O carrasco mascarado do EI, cuja voz e o sotaque sugerem que seja o mesmo a executar os outros reféns – o rapper inglês Abdel-Majed Abdel Bary, de 23 anos, de acordo com suspeitas -, afirma que, se Cameron continuar a obedecer os Estados Unidos, irá “apenas arrastar seu povo a outra guerra sangrenta e impossível de vencer”. “Nós aproveitamos esta oportunidade para alertar aos governos que entraram nesta aliança da América contra o Estado Islâmico para se afastar e deixar o nosso povo em paz”, conclui.

Após a divulgação do vídeo, David Cameron postou no Twitter uma mensagem de repúdio ao ato e de apoio aos familiares. “O assassinato de David Haines é um ato de pura maldade.
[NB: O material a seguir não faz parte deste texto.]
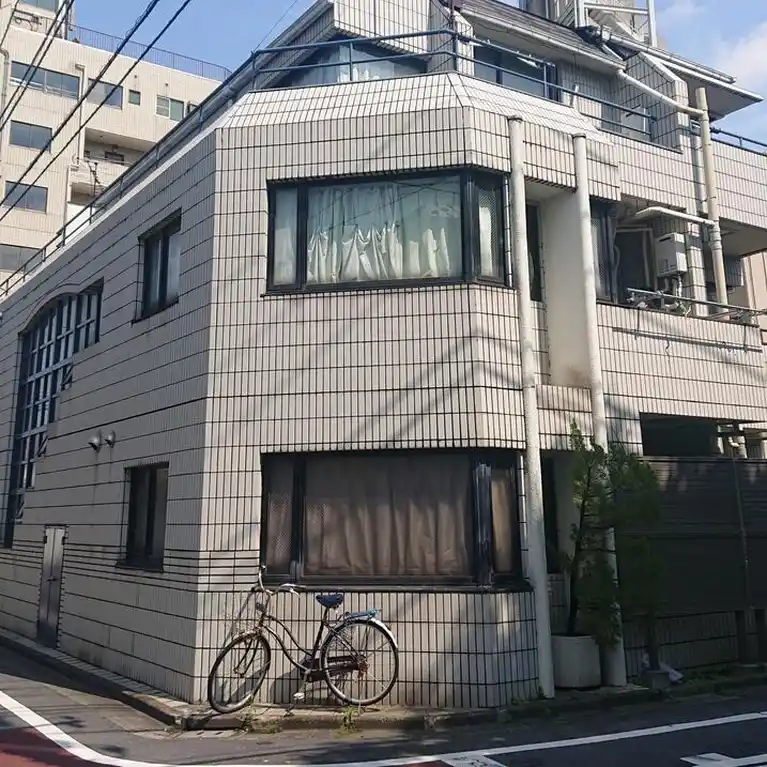 アーバンアキ 外観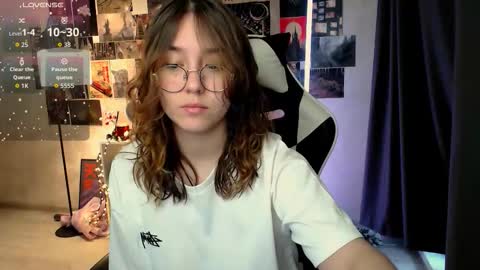 Amelia online show from October 18, 9:02 am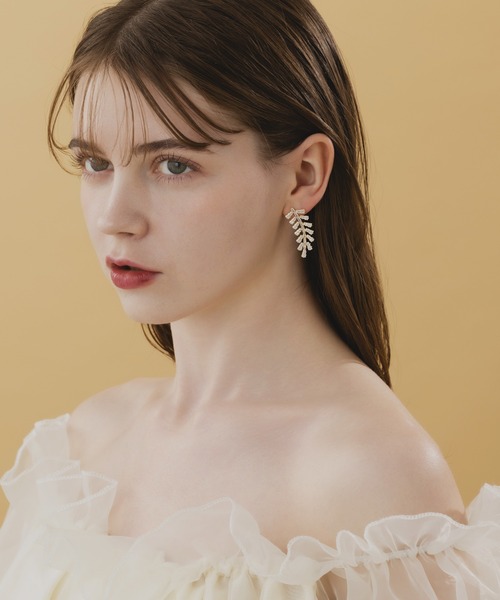 LA MUe(ラミュー)の「【LA MUE】シルバー925ポスト リーフ ビジューピアス(ピアス(両耳用)・レディース・シルバー/ゴールド・FREE)」の7枚目の写真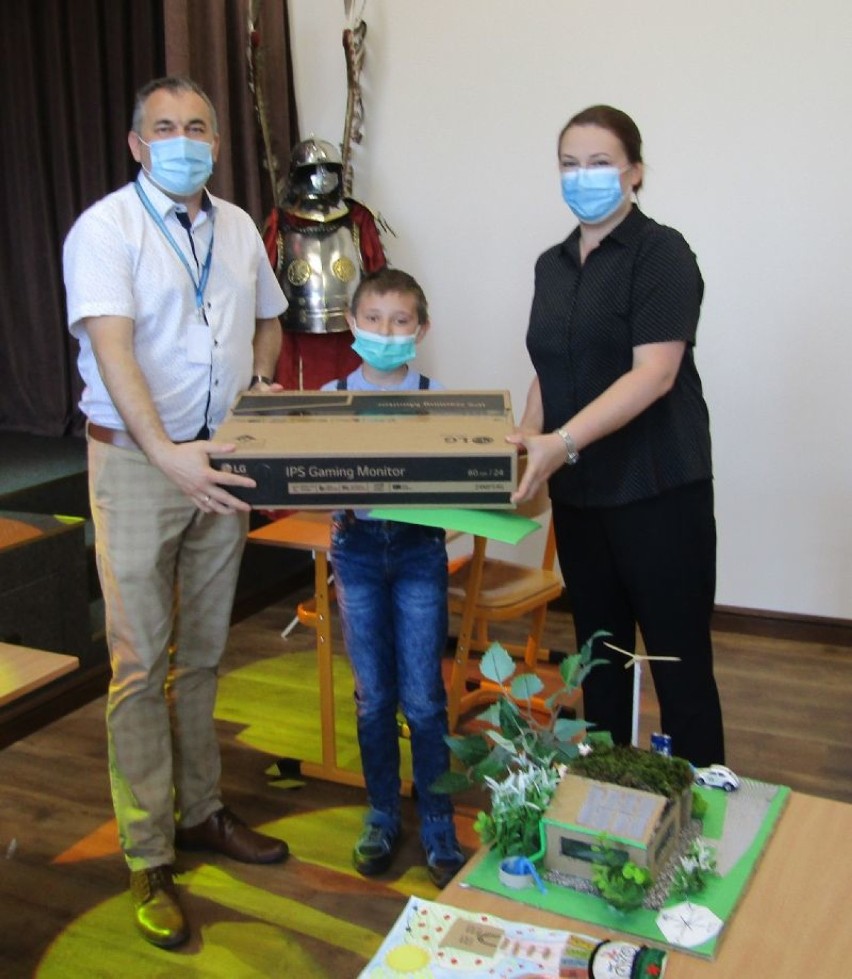 Uczniowie z Gniewa zaprojektowali ekologiczne domy w konkursie plastycznym!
Meu coração está com sua família, que mostrou coragem e força extraordinárias. Faremos tudo em nosso poder para acabar com esses assassinos e garantir que eles encarem a justiça, independente de quanto tempo levar”, escreveu ele.

Em nota, o presidente americano Barack Obama chamou o assassinato de bárbaro e garantiu que os Estados Unidos trabalharão com a coalizão de países que está junta no combate ao EI. “Os Estados Unidos estão ombro a ombro esta noite com nosso amigo e aliado próximo em seu luto”, solidarizou-se Obama.